**WORK INSTRUCTIONS**
Take the lines from the one containing "子供図鑑セット12冊 学研 小学館 ポプラ社 講談社 生物科学系おまとめ" through the final line below and restate them exactly. Omit the pictures.

**DATA SHOWN**
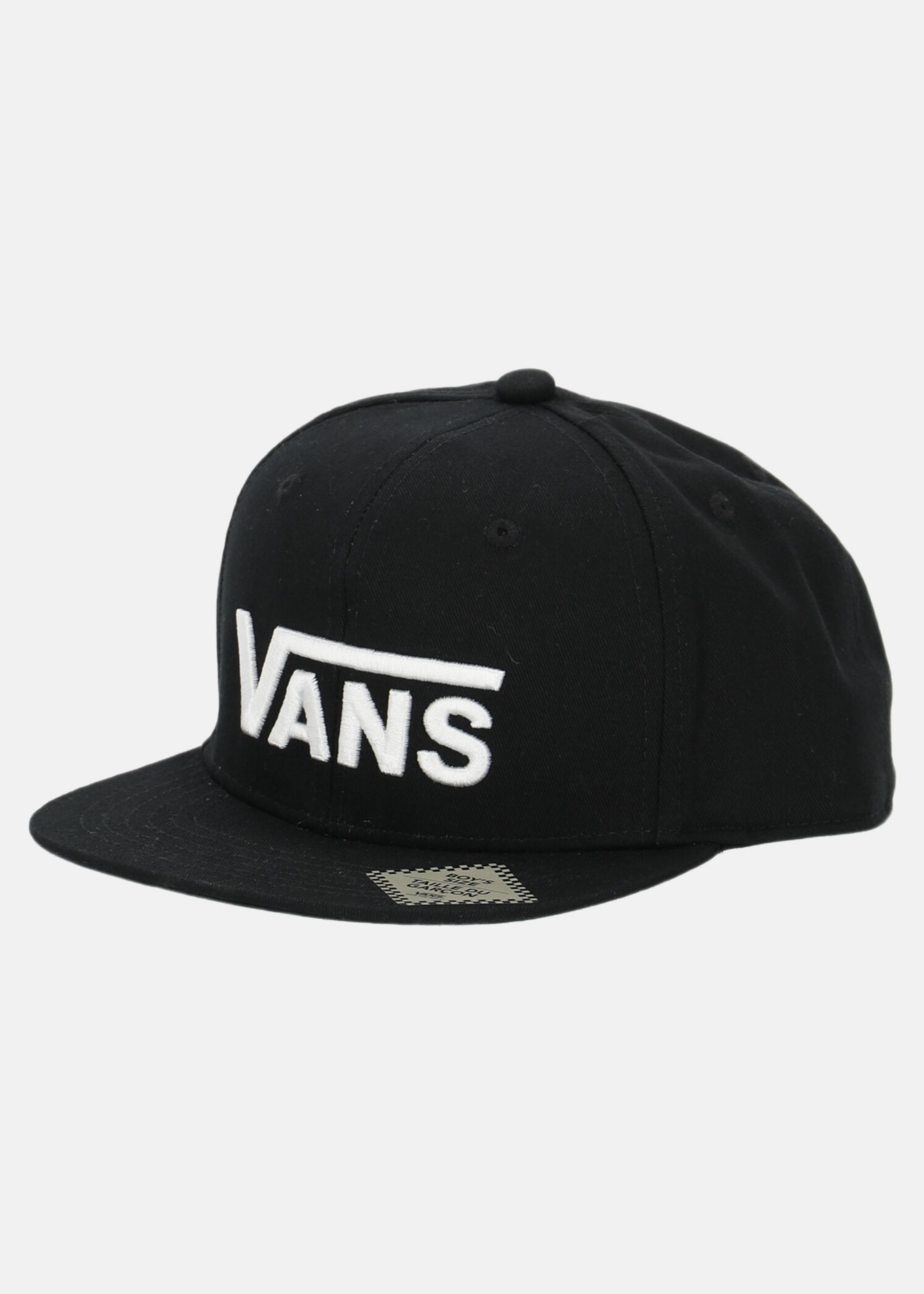 Classic Vans SB-B
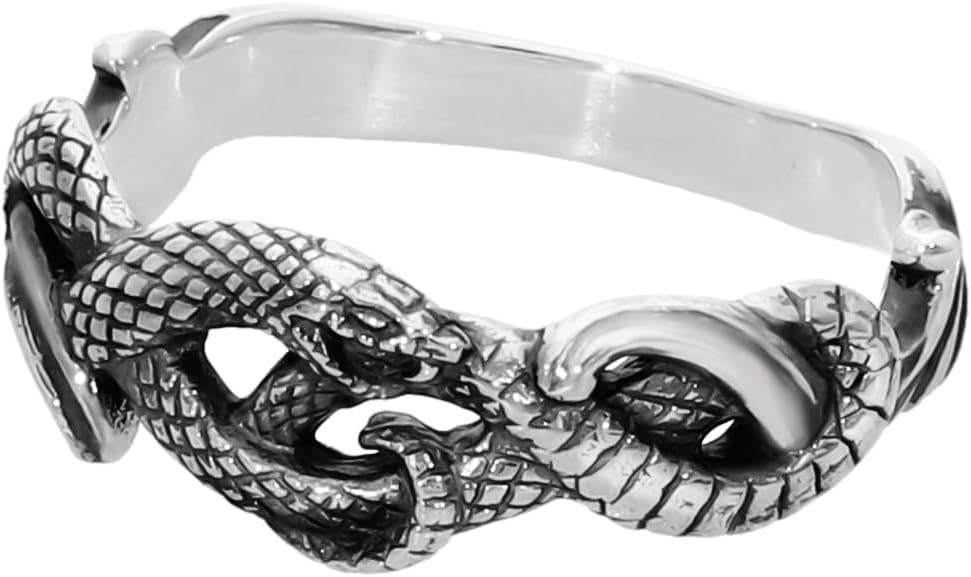 子供図鑑セット12冊 学研 小学館 ポプラ社 講談社 生物科学系おまとめ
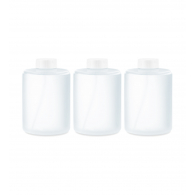 Сменные блоки с жидким мылом для автоматических дозаторов Mijia Soap Liquid Dispenser 3 шт. в комплекте (PMYJXSY01XW)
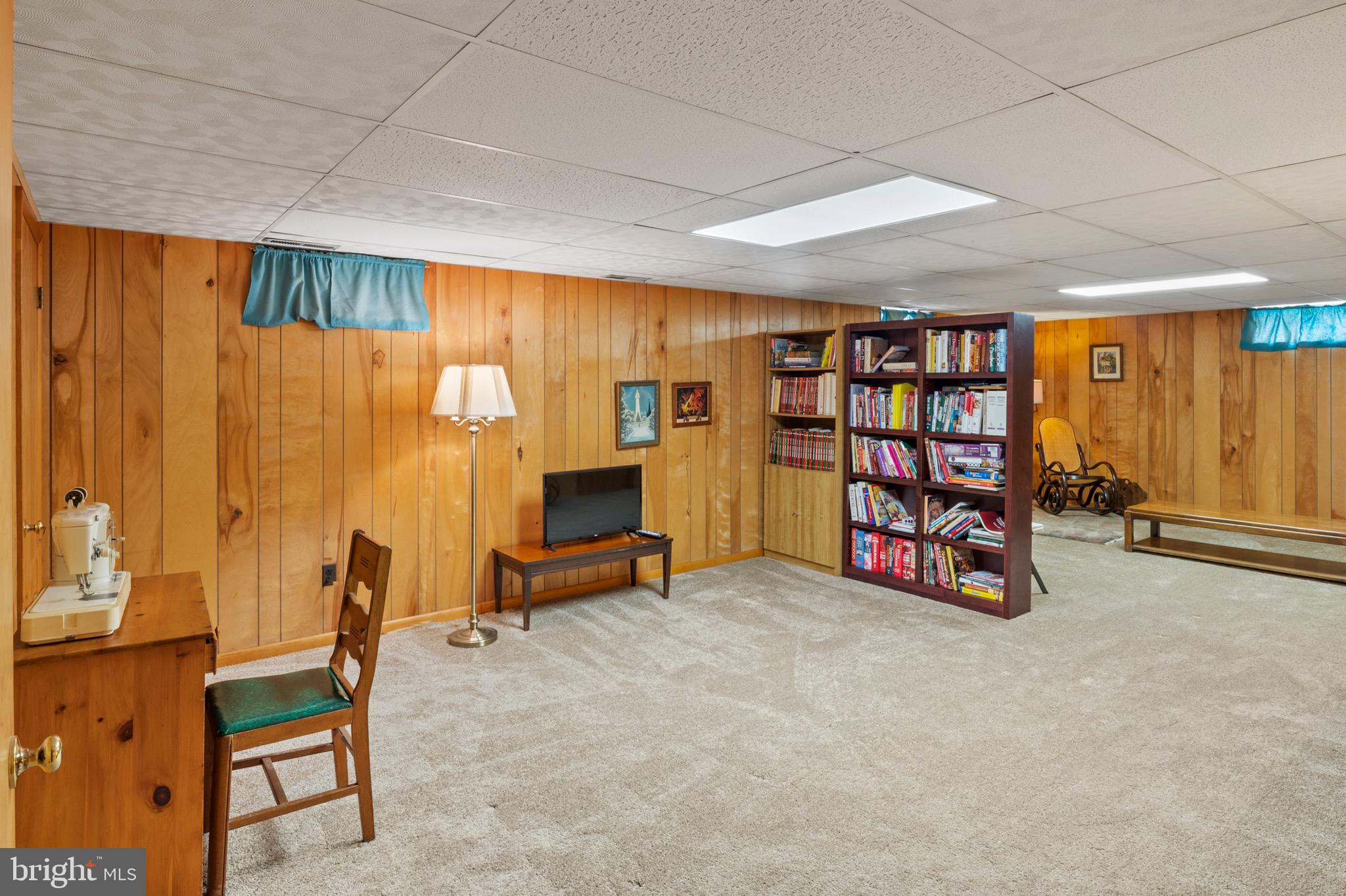 WEST ANNAPOLIS - Residential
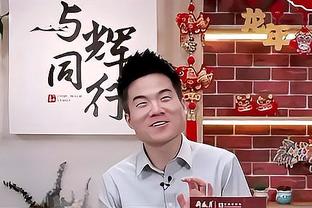 巴萨本赛季至今唯二各项赛事均有进球的球员：莱万和费尔明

**RESULT FOR THIS EXERCISE**
 子供図鑑セット12冊 学研 小学館 ポプラ社 講談社 生物科学系おまとめ
 Сменные блоки с жидким мылом для автоматических дозаторов Mijia Soap Liquid Dispenser 3 шт. в комплекте (PMYJXSY01XW)
 WEST ANNAPOLIS - Residential
 巴萨本赛季至今唯二各项赛事均有进球的球员：莱万和费尔明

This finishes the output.